The typical IAM has a loss function that relates temperature increases to reductions in GDP. But there is no economic theory behind the loss function; it is simply made up. Nor is there data on which to base the parameters of the function; instead the parameters are simply chosen to yield moderate losses that seem “reasonable” (e.g., 1 or 2 percent of GDP) from moderate temperature increases (e.g., 2° or 3°C).

More recent papers attempt to improve upon the lack of knowledge in conventional IAMs. The paper by Tatyana Deryugina and Solomon Hsiang considers whether small variations in weather outcomes at the U.S. county level actually affect economic outcomes. It examines daily temperature variation and per‐​capita income from 1969 through 2011. The possible range of average temperatures is divided into “bins” with a 3 degree Celsius range. The regressions include year and county fixed effects and the distribution of rainfall; thus the effect of temperature on income is the result of an increase in the number of days a county is in a higher‐​temperature “bin” in some years relative to others.
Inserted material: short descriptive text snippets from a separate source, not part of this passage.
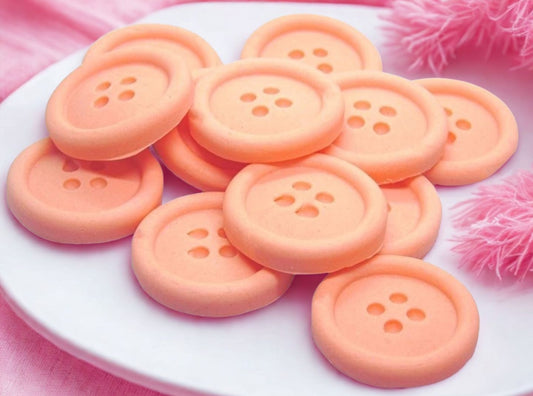 Peach-colored shaped buttons on a white plate with a pink background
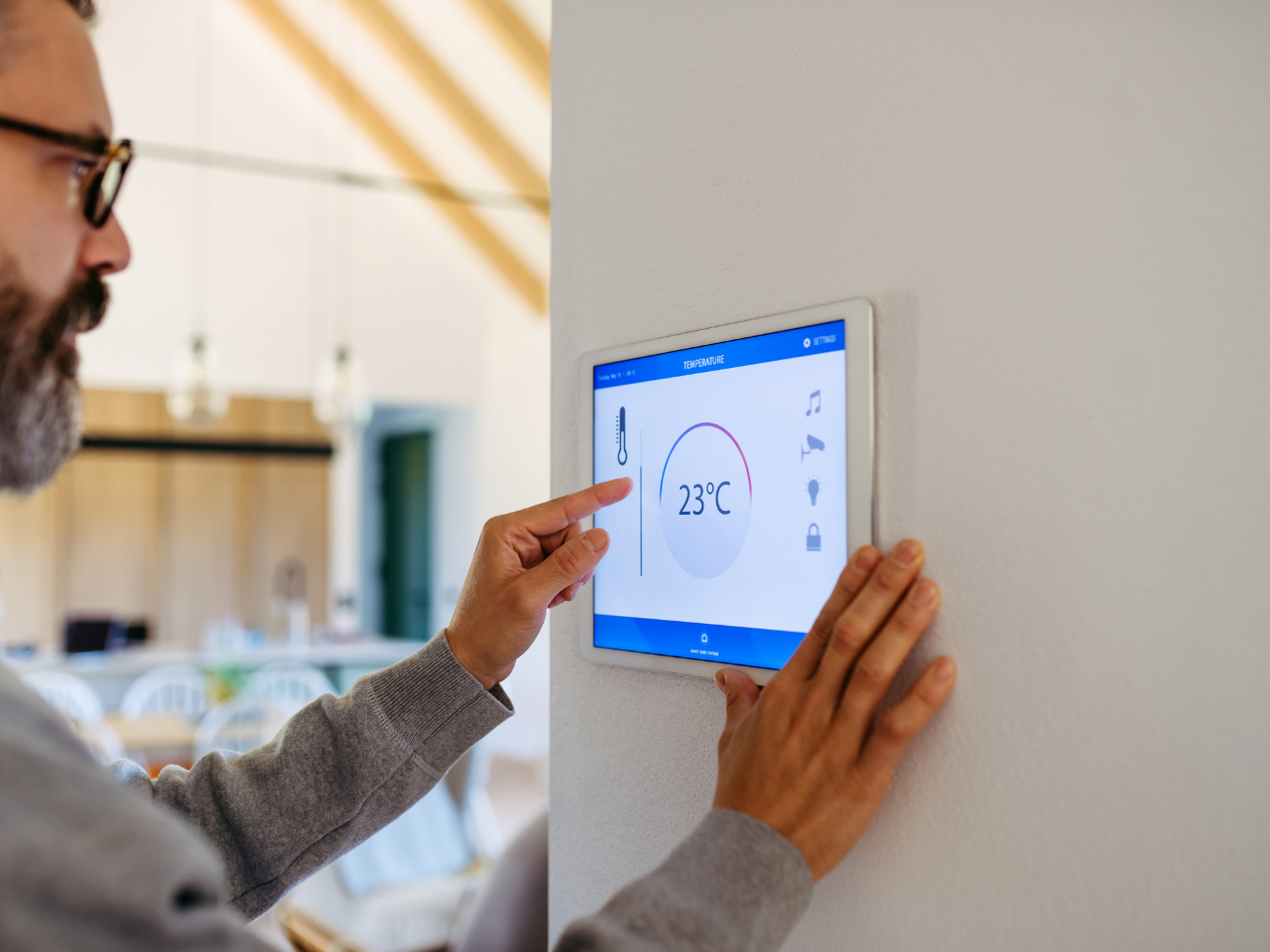 Man setting temperature of  ducted air conditioning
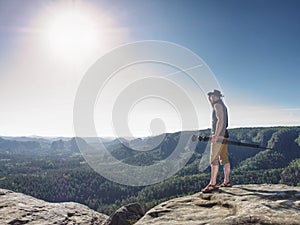 Photograper artist wear cowboy hat and shadowing eyes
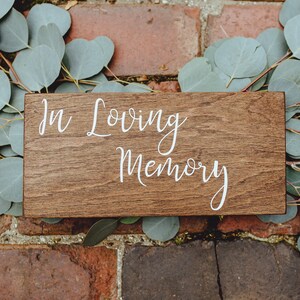 May include: A wooden sign with the text "In Loving Memory" written in white cursive lettering. The sign is surrounded by eucalyptus leaves.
People who live in areas with the largest number of hot days have a much lower mortality rate from hot days than people who live in areas with fewer hot days.

The results show that personal income per capita “increases slightly as temperatures rise from cool to moderate,” and then decreases “linearly at temperatures above 59 degrees F.” Each 1 degree centigrade increase in daily average temperature above 59 degrees Fahrenheit reduces average daily income by 1.7 percent over the period 1969–2011.

The authors use the coefficients estimated from the 1969–2011 temperature data to conduct 20‐​year simulations using 44 different temperature projections for the period 2080–2099 under “business‐​as‐​usual” (that is, no policy change) assumptions. They determine that increased temperatures at the end of the 21st century would reduce average incomes by 2.31 percent at the end of 2099. The authors don’t say whether they consider that loss to be negligible, nor do they stipulate what carbon tax would be appropriate to avert that loss.

The second paper, by Alan Barreca et al., examines the effect of the adoption of air conditioning on mortality to provide insight into the effects of possible future adaptations to higher temperatures. It analyzes monthly mortality rates and daily temperature from 1900 to 2004 and finds that the effect of extreme heat on mortality is smaller in generally hotter areas.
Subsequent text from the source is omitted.